I struggle with XP. When it first came out it rubbed me completely the wrong way. I read a number of articles and Becks small book entitled "Extreme Programming Explained". A few years later, and based on my more traditional view of structured analysis and development, I find one thing true: do what works for you. In my humble but deadly accurate opinion Use Cases (and "Use" is not short for "Usability" I would like to clarrify) and UML ar the most helpful and misunderstood tools of the trade today and I highly recommend that programmers just slow down enough to strap on those well honed tools. Having said that, the reason XP doesn't really work is two "reality based" fundamentals:

1. Companies sponsoring projects are looking to contain cost. This is a large downfall of XP since based on it's vague (by nature) requirements you end up unable to nail down costs. The corporate world is demanding fixed bidding every day and the interrative style of gathering and defining requirements keeps the cost related to actual work tasks unreasonably fluid.
2. I watched an entire local consulting company collapse due to the implementation of a version of "XP". Reason: If I pay you for "XYZ" then I don't want to sacrefic "X" because you didn't understand the girth of "YZ" when we started. What would you do if you went to buy a car for $X and in the end $X only got you the tires you are looking for? You would want your money back and try to find a dealer willing to listen up-front before you sign-off on the bottom-line. Nobody likes sacrefic. Nailing down requirements and scope is difficult. The answer is not disguising that short fall with a process that accomodates it.

I realize these are heated-sounding comments - but my hope is that people get inspired to tell stories that prove me wrong.

My proposal: Learn UML, Document your project's analytical phases well, come to a team agreement on Quality, Cost and time and STICK TO THE PLAN!

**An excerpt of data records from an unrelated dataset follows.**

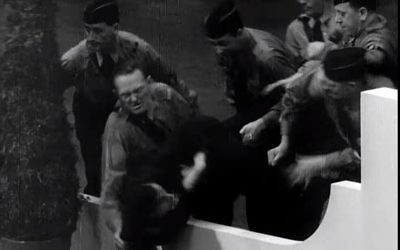 Capture d'écran d'une vidéo montrant des nazis américains attaquant le manifestant juif Isador Greenbaum, au centre, durant un événement organisé par le mouvement German American Bund au Madison Square Garden, au mois de février 1939 (Capture d'écran : YouTube/Field of Vision – A Night at the Garden)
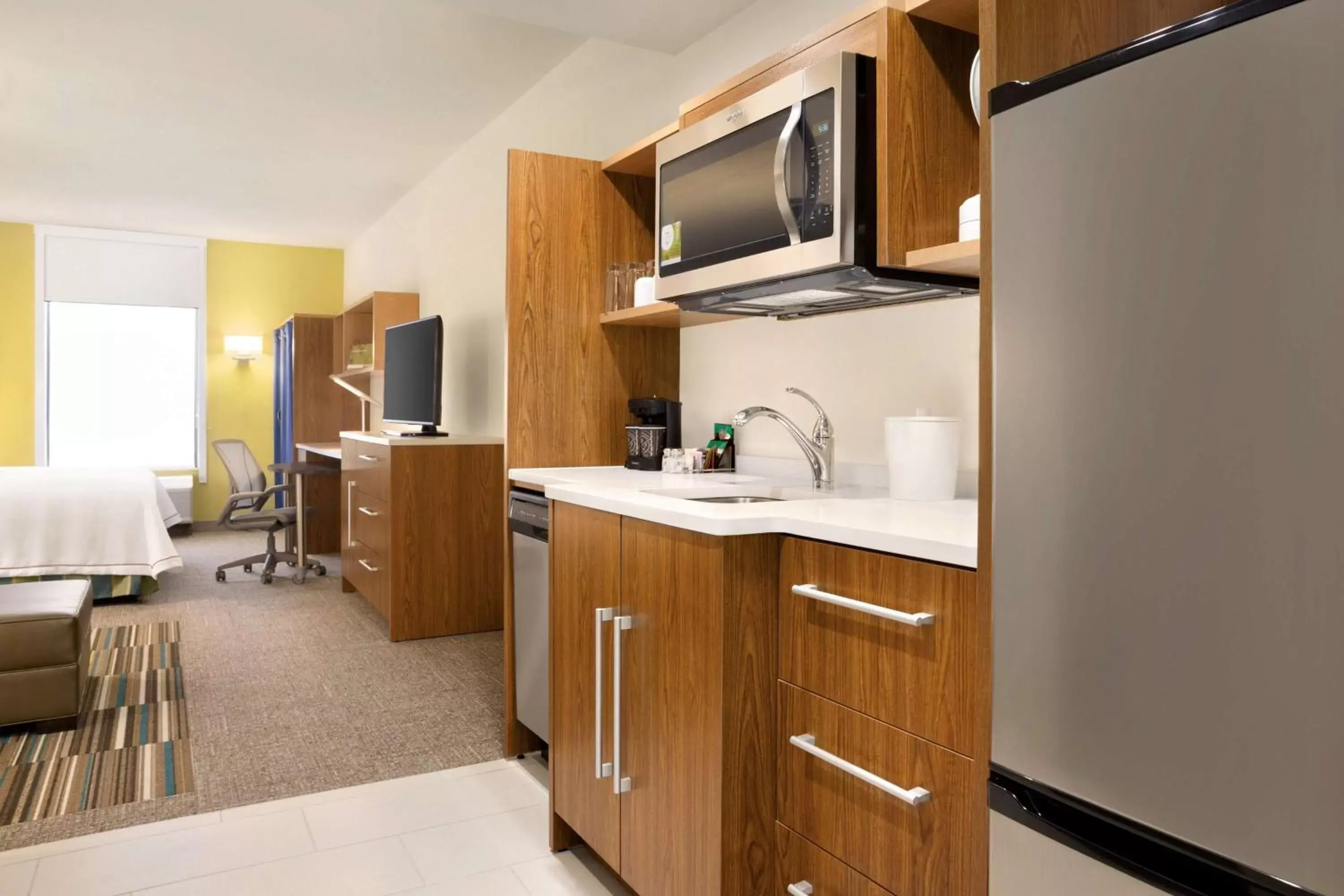 Bedroom, Kitchen/Kitchenette in Home2 Suites By Hilton Birmingham Downtown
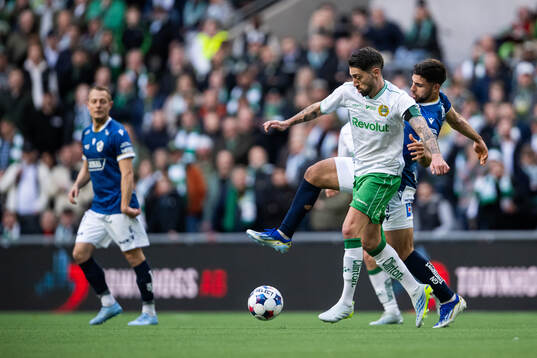 Hammarbys Nahir Besara och Halmstads Omar Faraj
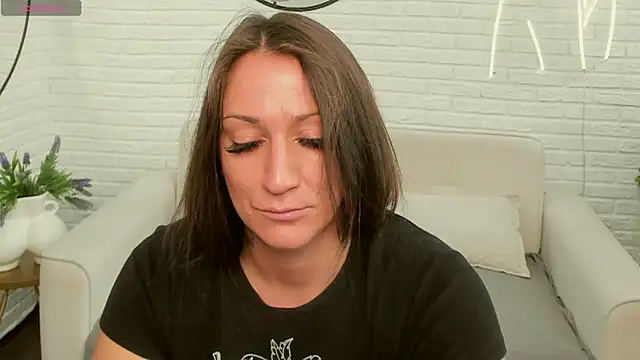 Miss Kamilla online show from 29, 9, 2025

If you are looking for something more flexible and interrative then examine the Proj. Management Guide to the Body Of Knowledge (PMBOK) cyclical models. You will find what you are looking for.

If you want to see an explanation of that - take a look at my cyclical process ( http://www.enginpost.com/resume/Pro%20CDP.pdf )!

Good luck everyone and happy coding!

Dave,

There is no harm in developers writing user stories but its better the users write it themselves, because this helps them crystalise their thoughts and precisely state the problem that needs to be addressed.

Regards,

Sridhar Pandurangiah

Sridhar,

First, I'd like to thank you for addressing precisely what I was asking. I appreciate your digest, specific and from what I know - full answer.

From my observations on how UML appeared and matured as a methodology (engineering culture) an effort that RUP had undertaken was to give a perspective on how to use UML in practice. RUP and UML both have mutual references and one supports the other.

An Actor as a UML entity is present to facilitate the fact that Events in the system being initiated in a timeline. Further, statefull classes rely on Events as a vehicle that drives Class through it's lifecycle from State to State. Actor often present in Sequence diagrams.

Most importantly, RUP introduced the concepts of iteration and incrementation as guiding principles of the project process.

Once again, I agree with your comment that RUP is a commercial product that means marketing had influenced the expression of engineering experience and ideas. Though, I seek for agreement, the influence was not deadly.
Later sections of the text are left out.